From 'Making a Murderer' to 'Evil Genius' (pictured above) – the story behind Netflix's golden age of longform, true-crime docuseries.
From 'Making a Murderer' to 'Evil Genius' (pictured above) – the story behind Netflix's golden age of longform, true-crime docuseries.
THINK BACK TO the 2003 “pizza bomber” incident, and the first thing that comes to mind is probably the
footage of a man sitting handcuffed next to a car, slightly blurry from a camera’s long zoom. He had a device around his neck, and seemed to be getting increasingly agitated. So, for that matter, were the Erie, Pennsylvania, police, who cautiously kept their distance, not yet knowing if it was some kind of hoax. Then the device exploded, and in an instant, 46-year-old pizza deliveryman Brian Wells was dead. That was just the start of a twisted case that would also involve a scavenger hunt, two more corpses, a separate murder-for-hire plot and a deranged woman who may or may not have been pulling the strings.
Twists, turns, a stranger-than-fiction tale of homicides and bizarre human behavior – those are the building blocks for Evil Genius, Netflix‘s four-episode case study of a bank heist that turned into a tabloid home run. And it’s the perfect story for one of the streaming service’s true-crime deep-dives, an increasingly buzzy subgenre that combines the rigor of magazine journalism with the artistic eye of an Errol Morris documentary. Since launching making a Murderer in 2015, Netflix has made the format a cornerstone of its original programming – building up a library that now includes critical and popular successes such as The Keepers and Wild Wild Country. These are not Dateline-style, torn-from-the-headlines recaps. They are nuanced and confident multisided portraits of everything from institutional cover-ups to sex cults, fueled by a desire to understand the stories beneath ugly crimes, no matter how long it takes.It would be disingenuous, of course, to ignore the fact that viewers are attracted to these stories for base-level reasons, too. Evil Genius begins with that shocking, caught-on-camera death, and shows it without warning. Making a Murderer is ultimately about overzealous prosecution and the reality of false confessions – but it starts with gruesome death, sexual assault and the politics of small-town America. Wild Wild Country, about an Indian guru and his followers who attempted to build their own city in Oregon, concerns itself with prejudice and the othering of foreigners. It’s also filled with orgies, drugs, guns, bombs and massive amounts of money – a true-crime bingo card with very few spaces left blank.

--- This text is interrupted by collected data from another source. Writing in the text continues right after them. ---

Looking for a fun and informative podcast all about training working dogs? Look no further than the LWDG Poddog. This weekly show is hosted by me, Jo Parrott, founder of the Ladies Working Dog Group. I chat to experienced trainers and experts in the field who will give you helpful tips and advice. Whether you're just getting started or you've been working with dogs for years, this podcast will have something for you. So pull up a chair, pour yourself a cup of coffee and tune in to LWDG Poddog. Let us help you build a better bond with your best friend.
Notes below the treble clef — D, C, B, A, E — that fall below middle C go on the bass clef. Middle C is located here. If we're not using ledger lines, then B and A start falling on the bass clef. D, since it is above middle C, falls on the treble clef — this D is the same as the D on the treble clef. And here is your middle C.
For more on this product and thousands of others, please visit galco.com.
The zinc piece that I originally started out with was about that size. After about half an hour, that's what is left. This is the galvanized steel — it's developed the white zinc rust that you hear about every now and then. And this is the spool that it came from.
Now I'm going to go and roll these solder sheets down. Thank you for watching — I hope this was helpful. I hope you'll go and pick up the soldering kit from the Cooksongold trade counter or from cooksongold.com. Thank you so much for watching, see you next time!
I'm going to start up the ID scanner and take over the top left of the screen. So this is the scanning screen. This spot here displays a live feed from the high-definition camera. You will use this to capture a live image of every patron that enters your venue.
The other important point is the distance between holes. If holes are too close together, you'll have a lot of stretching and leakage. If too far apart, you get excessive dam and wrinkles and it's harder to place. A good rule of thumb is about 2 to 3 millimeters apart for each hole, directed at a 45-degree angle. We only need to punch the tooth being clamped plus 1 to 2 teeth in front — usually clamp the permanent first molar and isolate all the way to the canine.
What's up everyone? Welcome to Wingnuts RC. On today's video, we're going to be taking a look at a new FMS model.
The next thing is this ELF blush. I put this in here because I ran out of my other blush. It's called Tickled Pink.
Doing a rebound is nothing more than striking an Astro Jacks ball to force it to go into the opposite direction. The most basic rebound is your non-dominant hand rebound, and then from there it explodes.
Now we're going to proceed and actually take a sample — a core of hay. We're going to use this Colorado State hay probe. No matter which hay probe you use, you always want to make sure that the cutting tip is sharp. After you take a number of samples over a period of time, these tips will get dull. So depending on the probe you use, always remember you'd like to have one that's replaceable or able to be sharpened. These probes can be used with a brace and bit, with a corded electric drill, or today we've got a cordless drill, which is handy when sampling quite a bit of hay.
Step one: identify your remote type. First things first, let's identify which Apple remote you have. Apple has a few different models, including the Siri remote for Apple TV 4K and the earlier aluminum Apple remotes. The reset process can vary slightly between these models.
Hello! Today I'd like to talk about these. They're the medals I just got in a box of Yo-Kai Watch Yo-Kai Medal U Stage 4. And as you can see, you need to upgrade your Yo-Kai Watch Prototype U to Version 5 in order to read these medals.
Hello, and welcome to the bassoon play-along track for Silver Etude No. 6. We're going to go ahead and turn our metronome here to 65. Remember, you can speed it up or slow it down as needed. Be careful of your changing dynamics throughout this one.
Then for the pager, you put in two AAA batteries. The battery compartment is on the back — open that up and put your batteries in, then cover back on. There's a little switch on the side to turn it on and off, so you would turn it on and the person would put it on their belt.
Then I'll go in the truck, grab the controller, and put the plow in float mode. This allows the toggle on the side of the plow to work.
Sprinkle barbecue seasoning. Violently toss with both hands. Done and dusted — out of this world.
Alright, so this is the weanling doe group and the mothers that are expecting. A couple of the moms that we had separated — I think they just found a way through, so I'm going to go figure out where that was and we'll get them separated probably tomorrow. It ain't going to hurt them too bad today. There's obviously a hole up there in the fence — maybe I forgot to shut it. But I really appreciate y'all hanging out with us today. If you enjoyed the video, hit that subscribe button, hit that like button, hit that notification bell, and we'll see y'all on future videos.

And perhaps most important to their success, these docuseries’ chosen subjects are extraordinary. They’re the kinds of cases – often unsolved, frequently morally unresolved – that get people fired up, opinionated, ready to proselytize for the series themselves. To have not watched Making a Murderer in its first few weeks was to be left out of the cultural conversation, despite the show having had little in the way of advance buzz or even marketing. A cynic might assume it had been buried in its release schedule, considering it was launched right before Christmas – a time of year when people not only have less time to watch TV, but also, presumably, less desire to watch something so dark.